Brevi cenni di Lorenzo Cenni, figura di anarchico, operaio e letterato di primo '900. Di giorno lavorava come tipografo, di notte scriveva invettive anarco-sindacaliste e affiggeva manifesti nelle strade Firenze. La pasionaria anarchica Leda Rafanelli lo volle con sé alla direzione della rivista letteraria e operaista La Blouse. Il motto era «L'emancipazione dei lavoratori deve essere opera dei lavoratori stessi». Il fine: creare un ponte tra il movimento operaio e quegli intellettuali sovversivi che rivendicavano un ruolo sociale dell'arte (con un certo anticipo sui manifesti del movimento futurista...).
Cenni - intellettuale refrattario e agitatore propagandista - fu attratto inizialmente dal pensiero anarco-individualista, poi si impegnò sul fronte del socialismo rivoluzionario, sempre animato da spirito antireligioso e anticlericale. Nel 1914 si avvicinò all'ambiente futurista e pubblicò - con la tipografia di Enrico Vallecchi, che stampava le riviste futuriste Lacerba e Quartiere Latino - il libello polemico Aristocrazia operaia. Realizzando così idealmente l'unione di intenti fra gli irrequieti futuristi interventisti, guidati da un Filippo Tommaso Marinetti sempre più ispirato dalla lotta contro la borghesia, e gli anarchici, attratti invece dall'idea che la guerra fosse una necessità sociale. Bene. Oggi quel libro introvabile, raro e inquieto è ripubblicato, a cura di Guido Andrea Pautasso, con l'aggiunta di un'appendice di testi di anarco-futuristi che dimostrano proprio quella linea di continuità: Lorenzo Cenni, Aristocrazia operaia (Aspis, pagg. 198, euro 22).
Sì, ma qual è l'idea centrale del pamphlet? Che l'insurrezione dei lavoratori contro le istituzioni politiche, religiose e borghesi doveva partire dalla crescita intellettuale delle stesse forze operaie, invitate a superare le barriere ideologiche rappresentate dai partiti politici tradizionali (e anche dalle forze sovversive, incapaci di trasformare la Rivoluzione in un percorso costruttivo). L'obiettivo - c'è da dire: molto attuale - non era la realizzazione utopistica di una società anarchica, che alla fine sarebbe stata totalitaria, ma cambiare la civiltà in senso moderno e libertario, agendo sulla cultura, sull'economia e sul sociale.
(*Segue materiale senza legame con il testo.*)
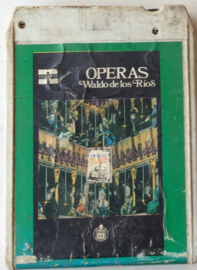 Waldo De Los Rios – Operas - Negram  8TRH 3000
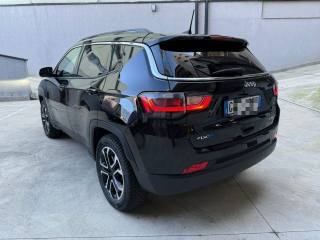 JEEP Compass usata, con Antifurto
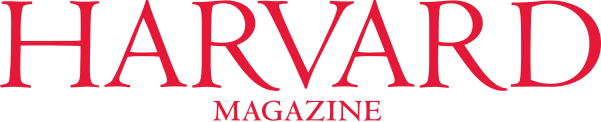 Harvard magazine logo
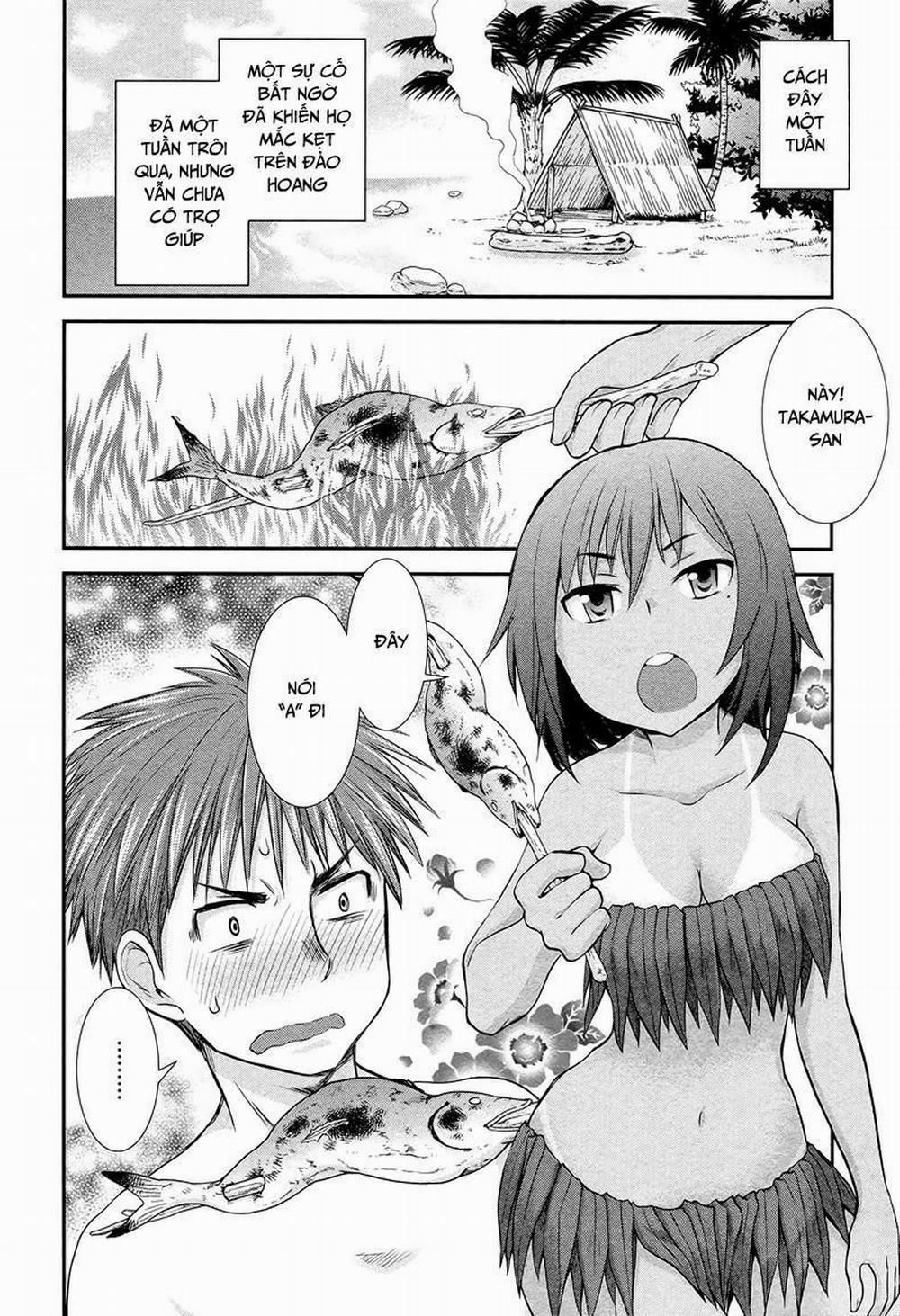 Henjo – Hen Na Joshi Kousei Amaguri Chiko 5 trang 2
Il sogno di Cenni era di contribuire all'emancipazione del singolo proletario, trasformandolo da vecchio lavoratore incapace di reagire alle regole dettate dalla borghesia e dal dominio capitalista, in «Operaio Moderno», in «Homo faber» padrone di se stesso, cosciente della propria forza rinnovatrice. Per questo, ormai insoddisfatto dai movimenti sovversivi anarchici, si rivolse a rivoluzionari più radicali, come il socialista eretico e interventista Benito Mussolini, tanto da diventare corrispondente da Firenze del Popolo d'Italia. L'attività di agit-prop a favore dei socialisti eretici mussoliniani costò a Cenni il disprezzo dei vecchi compagni di lotta che non gli perdonarono il tradimento dell'ortodossia social-pacifista (e due membri del Partito Socialista fiorentino lo attesero per la strada, prendendolo a bastonate).
Dopo lo scoppio della Rivoluzione Bolscevica, seguendo l'anti-leninismo di Mussolini, Cenni pubblicò l'ennesimo libercolo propagandistico, Il fuoco che incendiò la Russia, denunciando il pericolo dell'ideologia leninista e bolscevica pronta a liquidare il proletariato e a costruire un regime dispotico. Da allora, di Cenni anarchico e libertario, sindacalista rivoluzionario, amico dei futuristi, diventato infine socialista rivoluzionario mussoliniano, non si seppe più nulla. Fino a oggi.